### Instructions for the task
Find the line containing "Un train entre", then print it and each following line through the end of the records, exactly and with nothing added; leave out any pictures.

### Task input
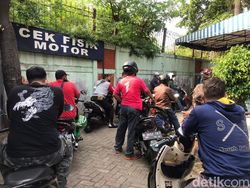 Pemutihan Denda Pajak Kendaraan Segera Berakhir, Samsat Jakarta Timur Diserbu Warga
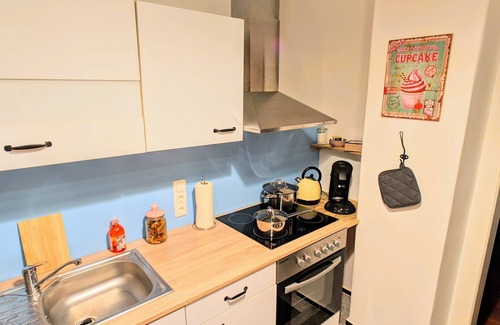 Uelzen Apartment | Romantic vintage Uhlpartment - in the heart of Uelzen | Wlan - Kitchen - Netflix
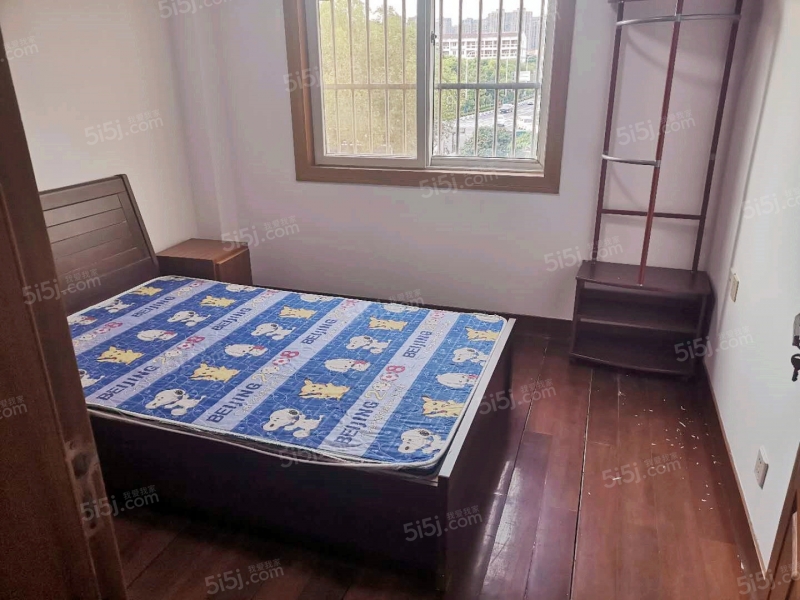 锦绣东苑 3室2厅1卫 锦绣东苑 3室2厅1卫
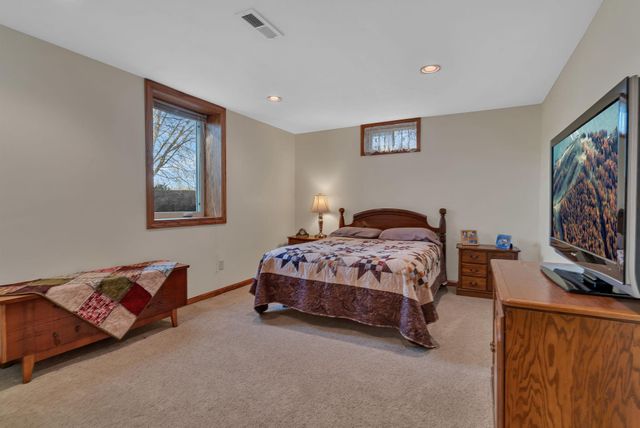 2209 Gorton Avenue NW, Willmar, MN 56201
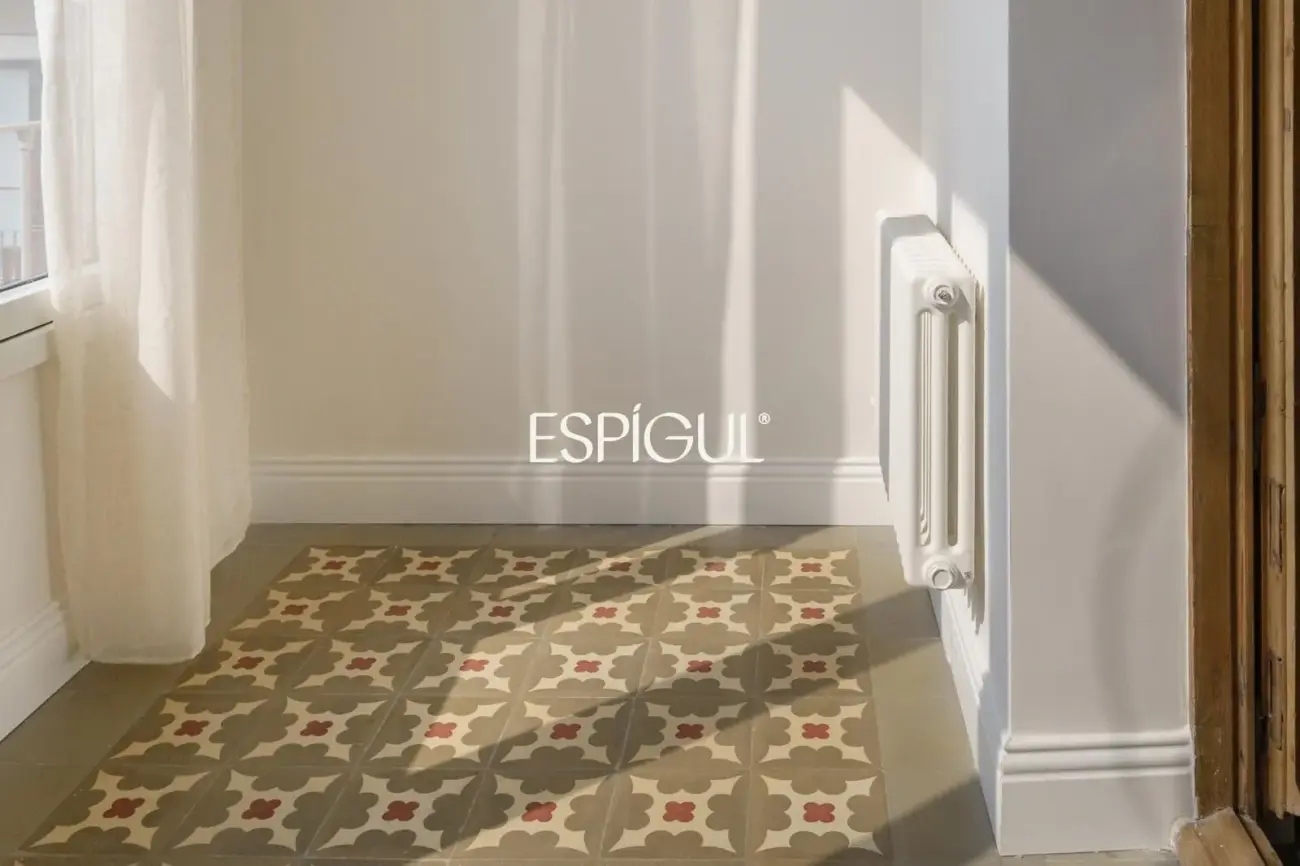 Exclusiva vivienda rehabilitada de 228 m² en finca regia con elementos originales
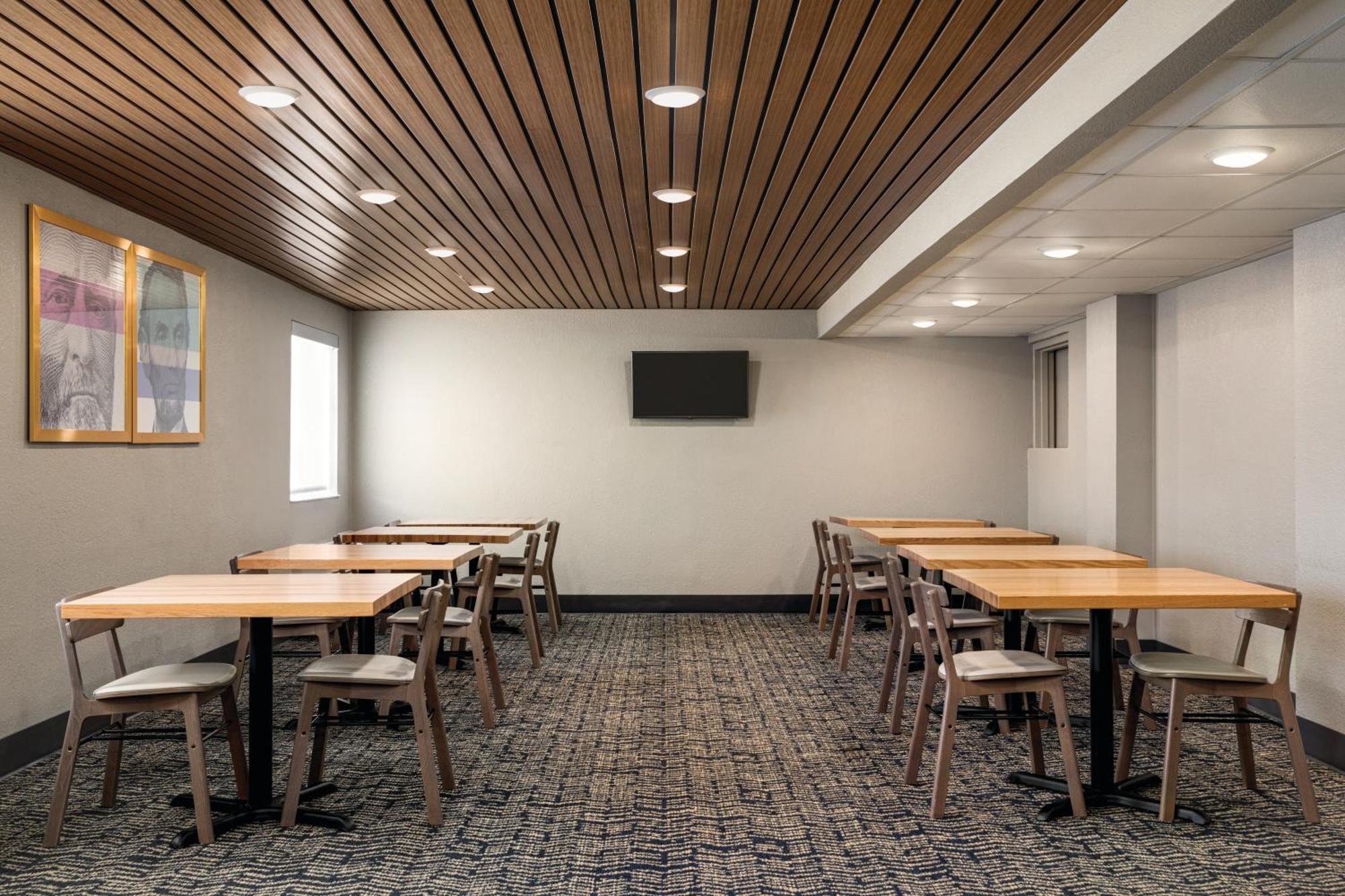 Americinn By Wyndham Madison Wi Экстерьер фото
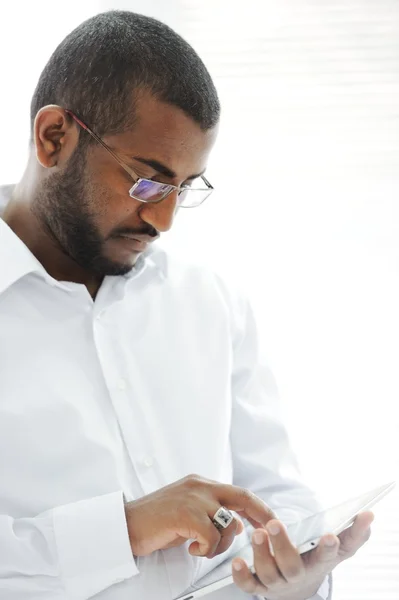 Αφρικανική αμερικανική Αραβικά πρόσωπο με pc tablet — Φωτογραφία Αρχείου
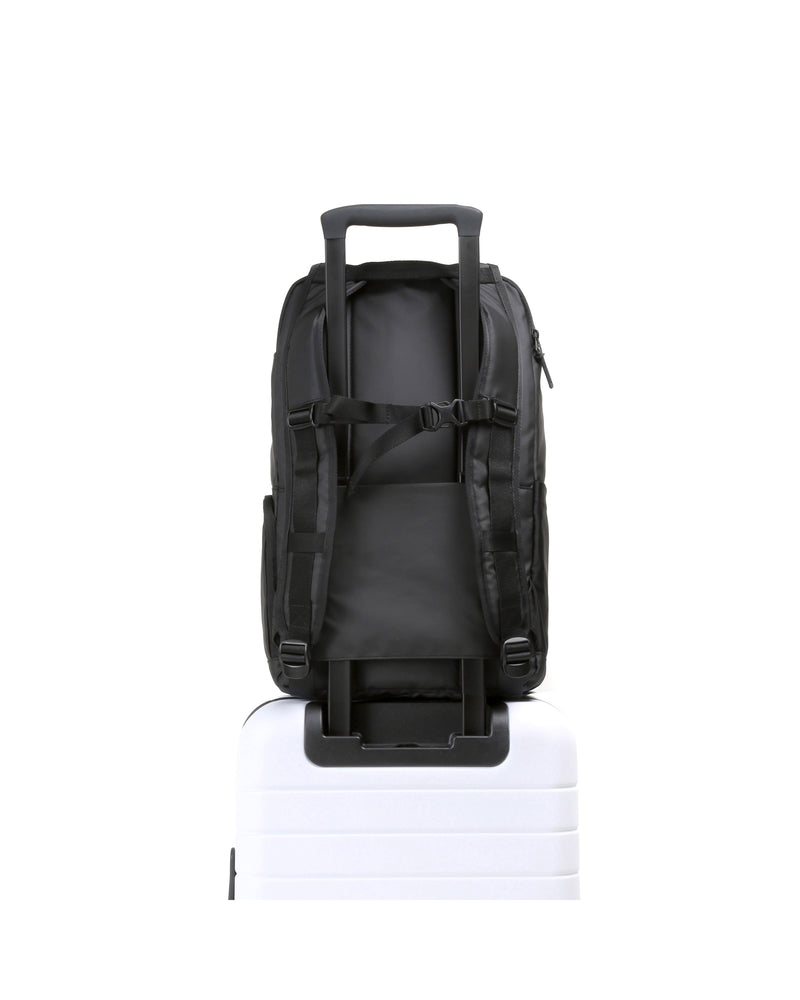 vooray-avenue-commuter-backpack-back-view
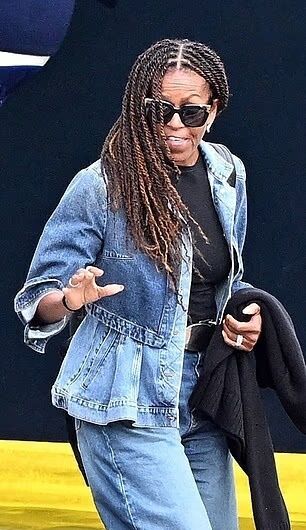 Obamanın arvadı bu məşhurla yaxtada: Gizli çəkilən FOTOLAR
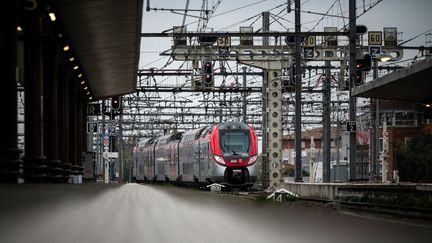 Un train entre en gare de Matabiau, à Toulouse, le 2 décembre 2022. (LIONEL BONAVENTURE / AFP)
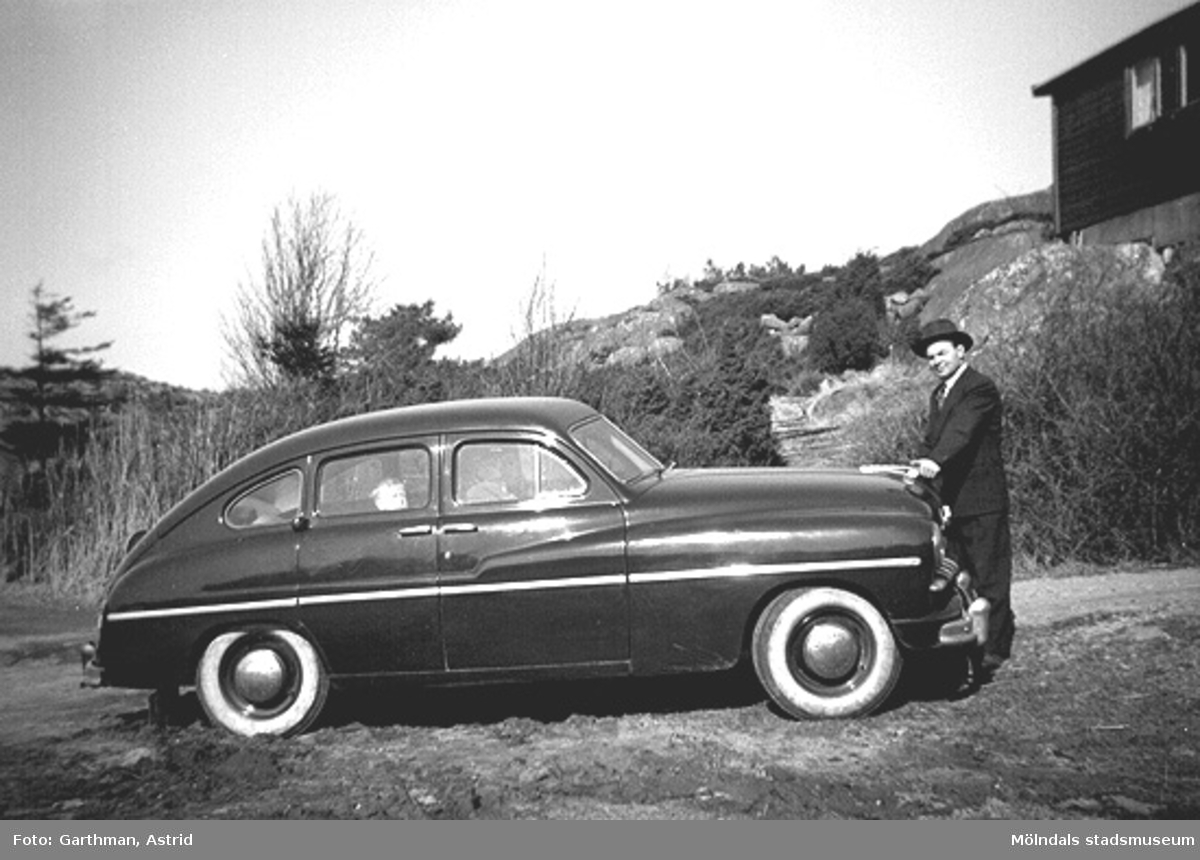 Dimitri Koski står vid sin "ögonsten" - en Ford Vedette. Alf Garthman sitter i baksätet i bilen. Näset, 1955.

### Exercise solution
 Un train entre en gare de Matabiau, à Toulouse, le 2 décembre 2022. (LIONEL BONAVENTURE / AFP)
 Dimitri Koski står vid sin "ögonsten" - en Ford Vedette. Alf Garthman sitter i baksätet i bilen. Näset, 1955.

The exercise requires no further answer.